In a highly fragmented industry, roll ups are a great strategy for growth. But integrating multiple entities can be difficult, especially if you don’t have a proven framework. Ntiva has been successful in their M&A strategy, and has completed 15 acquisitions as of today. In this article, Steven Freidkin, CEO and Founder of Ntiva, Inc. and Christopher Vollmond-Carstens, Chief M&A Officer at Ntiva, Inc., share their strategy on how to execute the roll up strategy in the tech industry.
“When doing roll-ups, be intentional. Know what you're looking for and be intentional about what you're trying to create with it.” - Steven Freidkin
According to Steven, Ntiva is all about growing people with the help of technology. Which is why cultural fit is extremely important to them. Before they can create any value in a rollup, they ensure that the organization has similar values to them.
After that, they create value by bringing their expertise to the acquired company such as improving operations, and increasing the number of solutions for cross-selling opportunities.
It’s important to implement changes in a collaborative way to avoid friction. Be open to better processes, but also communicate the non-negotiables, which are tied to the deal rationale.
When evaluating a target company, be aware of customer concentration. Avoid companies that rely on a single anchor client to grow. It's important to see a strong mix or an even spread of clients. The best target companies are the ones that are still growing, rather than stagnant or declining.
In the tech industry, one of the most crucial parts of evaluating the target company is their recurring revenue. The certainty of revenue, now and into the future, is where value comes from in these types of businesses.
The biggest challenge in doing roll ups is culture.
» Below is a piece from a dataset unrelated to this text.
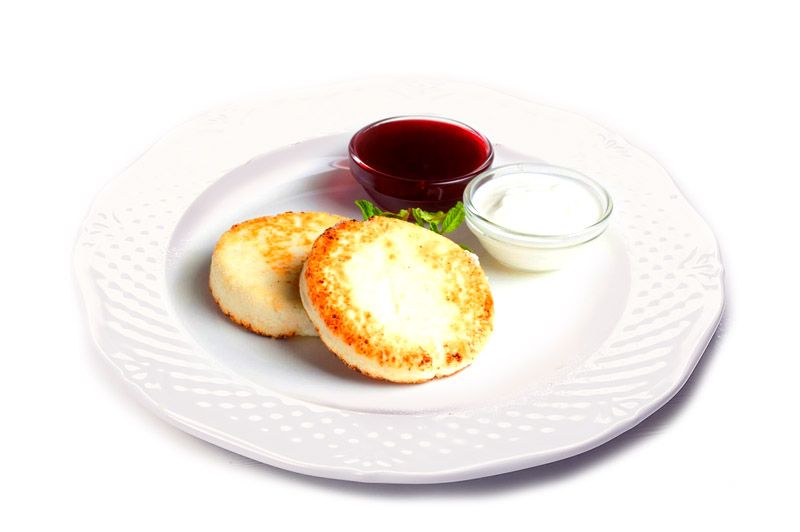 Cottage cheese pancakes fried with butter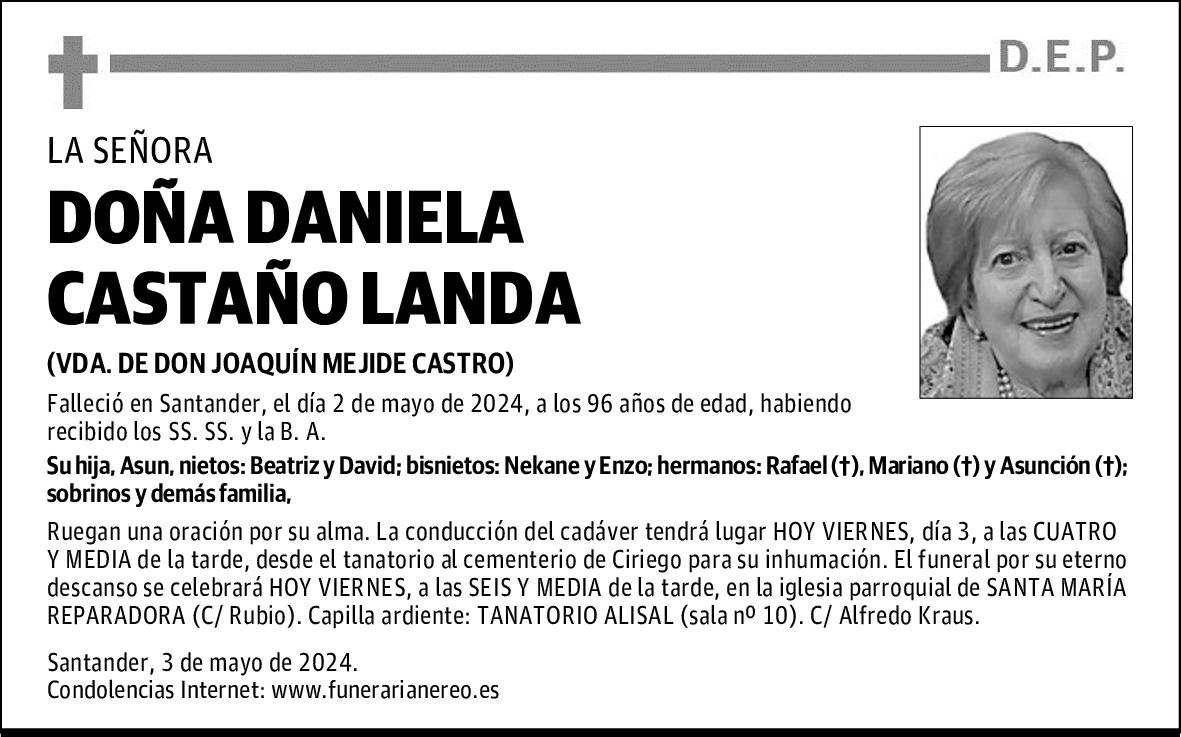 DOÑA DANIELA CASTAÑO LANDA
It is essential to be on the same page as the seller from a vision, mission, and priority standpoint, before pursuing the deal completely.
Another challenge in doing roll ups is the involvement of unqualified investment bankers. They block good buyers from working directly with the seller, and whisper outrageous prices that destroy negotiations and make the entire process more difficult.
Lastly, the emotion of the sellers can also be challenging to handle. Roll ups usually involve mom and pop shops who have been operating the business for many years of their lives. They can get very scared and confused during the M&A process.
Beware of companies that suddenly become wildly profitable in the last year or two. It could mean over-preparedness for a sale, which includes the removal of extra technical resources, and squeezing every last ounce of water out of a rock. Also, customer churn is a concern, and high employee turnover.
Another red flag is when the owners are not super articulate, or don't come across as open and genuine about what they want to do after the transaction. This affects the deal structure, and the ancillary attributes around the business.
Lastly, if the target business looks very different during the due diligence phase, walk away.